From the entries below, return only the lines starting at the one that contains "ORIGIN Denim Shorts Women's Blue-5" and ending at the one that contains "Under Armour Men's", exactly as they stand.

* * * * * * *

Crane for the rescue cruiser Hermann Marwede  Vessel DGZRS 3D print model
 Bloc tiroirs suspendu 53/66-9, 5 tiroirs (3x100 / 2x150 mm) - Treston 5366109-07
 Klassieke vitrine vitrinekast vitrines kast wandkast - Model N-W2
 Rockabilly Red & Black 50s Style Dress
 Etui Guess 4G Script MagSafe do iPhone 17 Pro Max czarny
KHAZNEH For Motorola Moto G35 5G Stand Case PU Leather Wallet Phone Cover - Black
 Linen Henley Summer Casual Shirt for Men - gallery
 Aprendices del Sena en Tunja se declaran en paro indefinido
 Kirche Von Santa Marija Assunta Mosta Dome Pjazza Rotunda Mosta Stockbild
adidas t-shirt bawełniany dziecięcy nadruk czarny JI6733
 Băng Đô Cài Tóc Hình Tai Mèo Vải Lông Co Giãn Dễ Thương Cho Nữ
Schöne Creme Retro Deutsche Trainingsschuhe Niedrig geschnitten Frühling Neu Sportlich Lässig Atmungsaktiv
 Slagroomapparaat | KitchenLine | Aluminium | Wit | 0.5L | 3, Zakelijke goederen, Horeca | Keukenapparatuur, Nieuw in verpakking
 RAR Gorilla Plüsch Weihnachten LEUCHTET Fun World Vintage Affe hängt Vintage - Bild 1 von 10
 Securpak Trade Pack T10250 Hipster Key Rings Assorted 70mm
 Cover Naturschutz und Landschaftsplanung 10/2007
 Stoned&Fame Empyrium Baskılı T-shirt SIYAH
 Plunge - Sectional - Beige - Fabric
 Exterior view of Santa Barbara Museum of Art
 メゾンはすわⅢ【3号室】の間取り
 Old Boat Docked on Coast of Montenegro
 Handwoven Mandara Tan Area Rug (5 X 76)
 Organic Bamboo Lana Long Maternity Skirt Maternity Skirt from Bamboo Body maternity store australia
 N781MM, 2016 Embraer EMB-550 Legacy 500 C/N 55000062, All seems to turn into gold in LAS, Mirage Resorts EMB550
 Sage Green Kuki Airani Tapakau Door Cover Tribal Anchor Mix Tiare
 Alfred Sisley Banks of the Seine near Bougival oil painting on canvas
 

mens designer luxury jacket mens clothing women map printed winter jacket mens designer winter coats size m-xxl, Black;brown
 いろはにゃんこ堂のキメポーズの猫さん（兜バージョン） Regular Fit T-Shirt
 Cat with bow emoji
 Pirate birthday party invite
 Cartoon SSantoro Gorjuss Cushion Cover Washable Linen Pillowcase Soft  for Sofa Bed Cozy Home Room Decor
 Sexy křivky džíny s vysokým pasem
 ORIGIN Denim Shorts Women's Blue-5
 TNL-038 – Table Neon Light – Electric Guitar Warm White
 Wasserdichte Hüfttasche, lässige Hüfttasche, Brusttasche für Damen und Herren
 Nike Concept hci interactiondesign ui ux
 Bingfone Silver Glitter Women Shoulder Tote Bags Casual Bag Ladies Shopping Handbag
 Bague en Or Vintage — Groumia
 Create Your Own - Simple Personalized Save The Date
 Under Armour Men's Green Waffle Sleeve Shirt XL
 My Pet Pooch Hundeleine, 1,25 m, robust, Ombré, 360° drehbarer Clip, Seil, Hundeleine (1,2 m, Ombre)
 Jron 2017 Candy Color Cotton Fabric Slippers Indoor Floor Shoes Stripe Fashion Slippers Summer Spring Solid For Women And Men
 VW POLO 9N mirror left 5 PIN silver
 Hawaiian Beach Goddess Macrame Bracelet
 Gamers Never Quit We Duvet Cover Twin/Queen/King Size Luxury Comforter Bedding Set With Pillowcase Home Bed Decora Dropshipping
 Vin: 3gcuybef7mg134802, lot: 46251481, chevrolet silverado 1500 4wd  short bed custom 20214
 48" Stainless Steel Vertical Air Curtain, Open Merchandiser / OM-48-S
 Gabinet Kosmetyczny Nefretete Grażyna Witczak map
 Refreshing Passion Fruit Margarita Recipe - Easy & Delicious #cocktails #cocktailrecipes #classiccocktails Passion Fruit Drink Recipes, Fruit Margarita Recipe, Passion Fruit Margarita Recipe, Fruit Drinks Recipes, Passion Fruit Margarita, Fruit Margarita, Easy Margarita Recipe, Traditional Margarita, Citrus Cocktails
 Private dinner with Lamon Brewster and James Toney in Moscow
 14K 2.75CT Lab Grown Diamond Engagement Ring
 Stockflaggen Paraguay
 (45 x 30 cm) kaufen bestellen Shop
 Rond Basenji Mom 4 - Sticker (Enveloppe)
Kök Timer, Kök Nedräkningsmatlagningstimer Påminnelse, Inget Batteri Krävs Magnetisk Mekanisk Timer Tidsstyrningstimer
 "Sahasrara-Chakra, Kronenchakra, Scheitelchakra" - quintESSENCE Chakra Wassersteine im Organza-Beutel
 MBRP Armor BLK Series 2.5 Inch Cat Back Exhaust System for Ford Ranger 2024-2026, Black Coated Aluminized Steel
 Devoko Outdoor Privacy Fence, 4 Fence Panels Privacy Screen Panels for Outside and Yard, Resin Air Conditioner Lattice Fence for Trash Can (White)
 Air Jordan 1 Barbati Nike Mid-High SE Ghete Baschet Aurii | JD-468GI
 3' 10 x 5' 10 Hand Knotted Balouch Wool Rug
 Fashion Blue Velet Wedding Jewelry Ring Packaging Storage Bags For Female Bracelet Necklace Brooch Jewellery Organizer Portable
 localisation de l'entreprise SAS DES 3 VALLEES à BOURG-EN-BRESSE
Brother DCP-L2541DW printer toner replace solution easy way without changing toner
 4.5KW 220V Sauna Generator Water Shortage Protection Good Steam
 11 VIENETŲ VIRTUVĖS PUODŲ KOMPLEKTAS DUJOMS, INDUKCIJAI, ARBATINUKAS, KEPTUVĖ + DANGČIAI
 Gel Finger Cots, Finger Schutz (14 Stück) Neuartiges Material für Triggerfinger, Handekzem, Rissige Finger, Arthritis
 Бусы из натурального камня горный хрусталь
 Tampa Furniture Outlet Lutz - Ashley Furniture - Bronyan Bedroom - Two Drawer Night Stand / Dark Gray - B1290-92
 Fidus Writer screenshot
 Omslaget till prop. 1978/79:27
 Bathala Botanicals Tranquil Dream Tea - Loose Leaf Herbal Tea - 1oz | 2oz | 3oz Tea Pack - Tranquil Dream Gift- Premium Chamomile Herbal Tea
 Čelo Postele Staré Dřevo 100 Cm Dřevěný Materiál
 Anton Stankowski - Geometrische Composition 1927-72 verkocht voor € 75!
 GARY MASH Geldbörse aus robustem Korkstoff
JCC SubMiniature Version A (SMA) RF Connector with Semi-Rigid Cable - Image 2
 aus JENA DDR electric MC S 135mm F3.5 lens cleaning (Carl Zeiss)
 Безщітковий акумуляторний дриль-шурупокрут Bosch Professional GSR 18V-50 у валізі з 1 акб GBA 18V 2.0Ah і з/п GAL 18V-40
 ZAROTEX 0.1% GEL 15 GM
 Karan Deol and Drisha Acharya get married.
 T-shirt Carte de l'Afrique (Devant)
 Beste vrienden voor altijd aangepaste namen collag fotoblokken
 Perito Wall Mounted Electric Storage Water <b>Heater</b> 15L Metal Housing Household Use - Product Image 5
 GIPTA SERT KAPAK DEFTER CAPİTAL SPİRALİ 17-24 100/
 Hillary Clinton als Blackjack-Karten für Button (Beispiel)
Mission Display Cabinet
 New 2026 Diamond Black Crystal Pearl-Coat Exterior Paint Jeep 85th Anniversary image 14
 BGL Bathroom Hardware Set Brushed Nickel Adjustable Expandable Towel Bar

* * * * * * *

WRITTEN ANSWER
 ORIGIN Denim Shorts Women's Blue-5
 TNL-038 – Table Neon Light – Electric Guitar Warm White
 Wasserdichte Hüfttasche, lässige Hüfttasche, Brusttasche für Damen und Herren
 Nike Concept hci interactiondesign ui ux
 Bingfone Silver Glitter Women Shoulder Tote Bags Casual Bag Ladies Shopping Handbag
 Bague en Or Vintage — Groumia
 Create Your Own - Simple Personalized Save The Date
 Under Armour Men's Green Waffle Sleeve Shirt XL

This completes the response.